Hard not to notice several of my male peers getting away with, or even kudos for, stuff that is considered immature or unprofessional if I do it.
Example: a friend who is working on a manuscript and about to submit to a C/N/S journal.
Got the green light to submit, but hasn't yet even formatted the figures and has been working from a draft with everything as Powerpoint slides.
My advisor won't even discuss figures with me, much less a draft of a paper, until it looks like a paper.
I've tried before to get feedback on Powerpoint slides, so as to avoid re-making figures over and over and over, but it's always treated like I'm showing preliminary data instead of something I've actually reproduced several times.
If I reformat and label everything, I might be lucky enough to schedule a meeting.
This has been true for the last several types of things like this I've done, including grant applications, etc. with different advisors.
Interesting to me that appearance seems to matter maybe even more than substance sometimes, but it depends on whose substance we're talking about.
Meanwhile I am trying to forget that I know about two other male postdocs who are getting or about to get their papers published in C/N/S journals.
In one case, the postdoc was born in another country and has been in the US about 10 years. His English skills are weak, so the PI wrote all the text and had a huge influence on how the paper came together (what went in the figures, designing the model to interpret the data, etc.).
In the other case, the postdoc did everything himself. The PI is making phone calls on his behalf to make sure that when they address the reviews on the paper, the editor will accept it.
I've never had anyone do either of those things for me.
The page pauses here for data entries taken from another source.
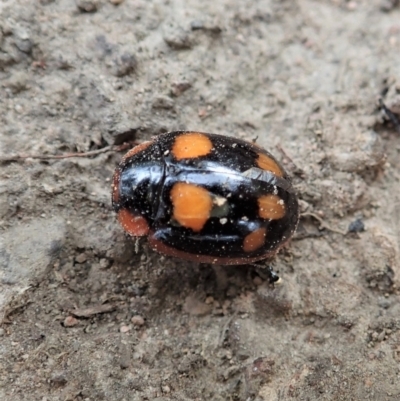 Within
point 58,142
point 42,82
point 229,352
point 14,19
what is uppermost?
point 14,19

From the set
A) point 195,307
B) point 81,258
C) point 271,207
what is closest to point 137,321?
point 195,307

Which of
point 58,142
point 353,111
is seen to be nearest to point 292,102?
point 353,111

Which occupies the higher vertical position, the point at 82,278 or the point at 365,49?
the point at 365,49

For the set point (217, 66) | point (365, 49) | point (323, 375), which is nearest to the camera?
point (323, 375)

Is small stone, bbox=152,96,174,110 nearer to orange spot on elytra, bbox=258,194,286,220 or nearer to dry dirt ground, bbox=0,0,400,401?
dry dirt ground, bbox=0,0,400,401

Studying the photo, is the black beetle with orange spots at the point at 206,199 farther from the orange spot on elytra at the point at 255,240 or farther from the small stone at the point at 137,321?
the small stone at the point at 137,321

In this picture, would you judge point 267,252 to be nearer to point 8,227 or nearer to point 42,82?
point 8,227

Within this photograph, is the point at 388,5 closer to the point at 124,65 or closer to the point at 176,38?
the point at 176,38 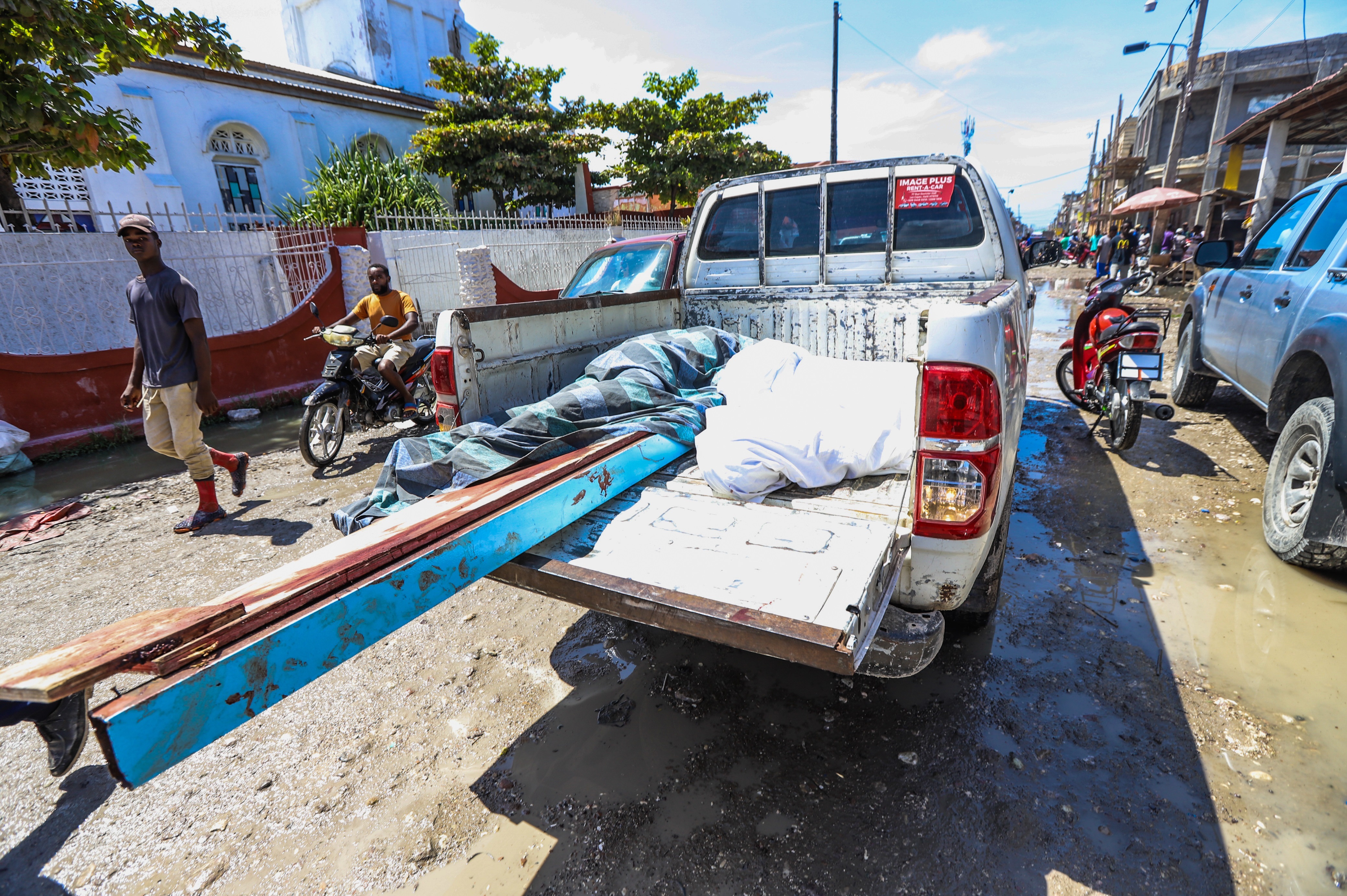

I'm pretty sure I won't ever.
It's also hard not to notice that one of my other female postdoc friends has had a draft of a manuscript ready for a year, and her advisor keeps changing the plans.
I can't help thinking this is all the damned-if-you-do-or-don't scenario as usual.
I've noticed that many PIs seem to exploit their female postdocs more, want to get as much out of us as possible, but always with their own gain in mind and not our career success.
If we try to tell them what we think we need in order to succeed, we're being bitchy, confrontational, disagreeable, or 'hard to work with.'
And if we don't, we're screwed. Our papers get delayed, sometimes by years, and when they're finally published it's in 2nd-tier (or lower) journals.
Meanwhile the male postdocs get patted on the head, promoted, and encouraged when they're not performing to the same level. They aren't asked to perform at a higher level, and they aren't even sure they want careers in academia.
I have another friend who is reluctantly trying to get a paper accepted at a C/N/S journal because the PI wants him to.
This same PI is constantly complaining that her female postdocs aren't motivated enough, or are lazy, or aren't sure what they want to do with their careers.
But she has willfully and continually ignored my friend telling her he's not sure he wants to stay in academic science. When he says this, she says "Oh you don't mean that."
She did the same thing to a previous male postdoc who ended up going to industry.
Despite all the warning signs, she was shocked when she found out, and still hasn't bothered to process what it meant.
Hypothesis 1: If you're a male postdoc and you aren't sure you want a career in academia, or the PI thinks you're somehow deficient, you get more help and promotion.
Hypothesis 2: If you're a female postdoc, chances are good that your PI will delay submitting your papers longer, and when they're published they'll be in a slightly lower tier journal.
And all the studies on pipelines are asking why women don't seem to publish as much or as high impact as men do?
Anybody notice that at the postdoc level, this is determined more by the PI than by the postdoc?